Segment Start: Supplied entries
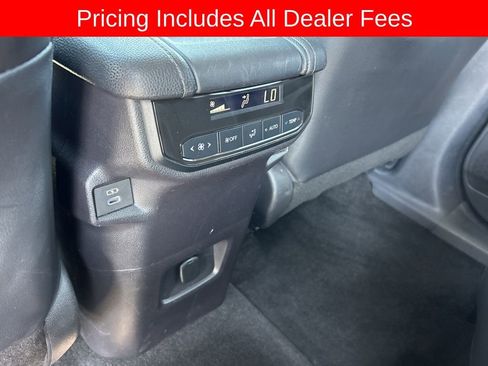 Used 2025 Toyota Grand Highlander AWD image 13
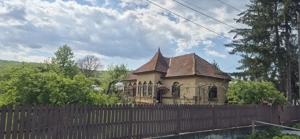 Casa cu aspect rustic de vanzare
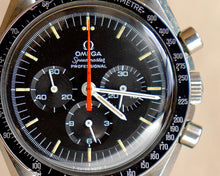Load image into Gallery viewer, Omega Speedmaster Professional Moonwatch 1969 145022-69st
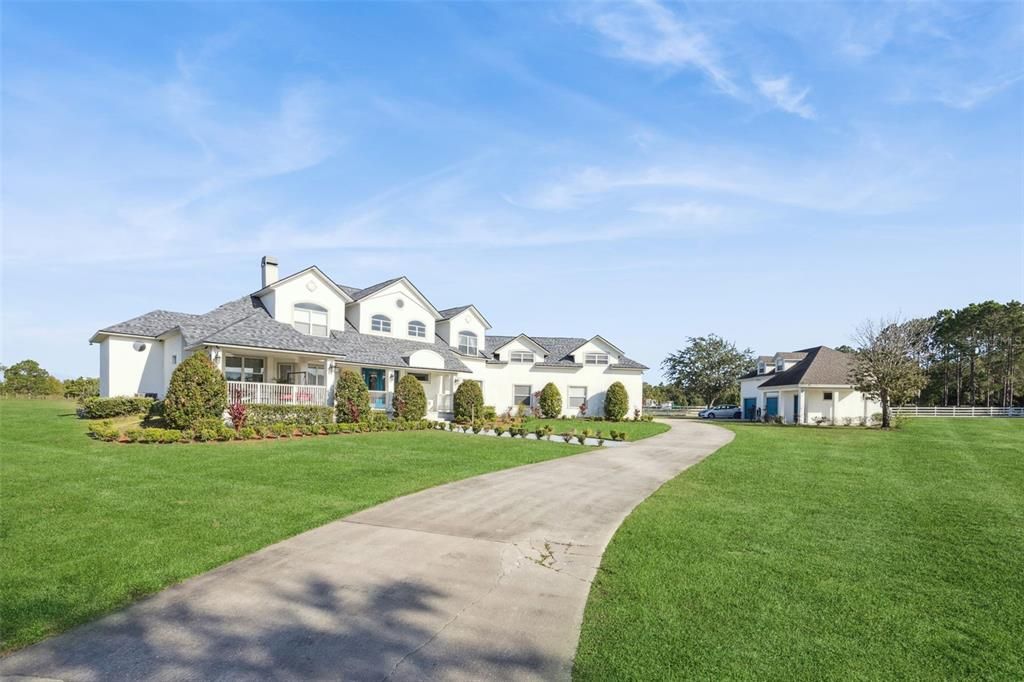 For Sale: $2,079,000 (5 beds, 5 baths, 6400 Square Feet)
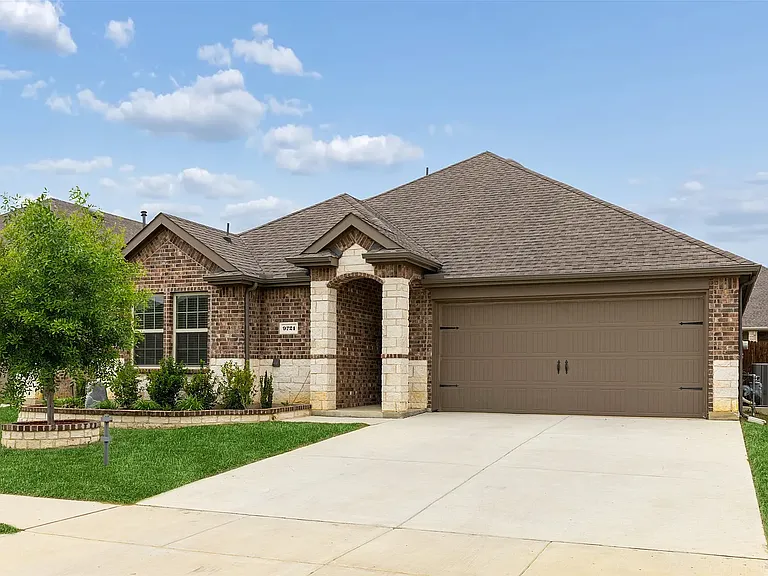 9721 Daisy Mae Ln — Photo 2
Segment End: Supplied entries
• Work to be completed:
Copy the records above exactly, omitting every picture.

• The completed task:
 Used 2025 Toyota Grand Highlander AWD image 13
 Casa cu aspect rustic de vanzare
Load image into Gallery viewer, Omega Speedmaster Professional Moonwatch 1969 145022-69st
 For Sale: $2,079,000 (5 beds, 5 baths, 6400 Square Feet)
 9721 Daisy Mae Ln — Photo 2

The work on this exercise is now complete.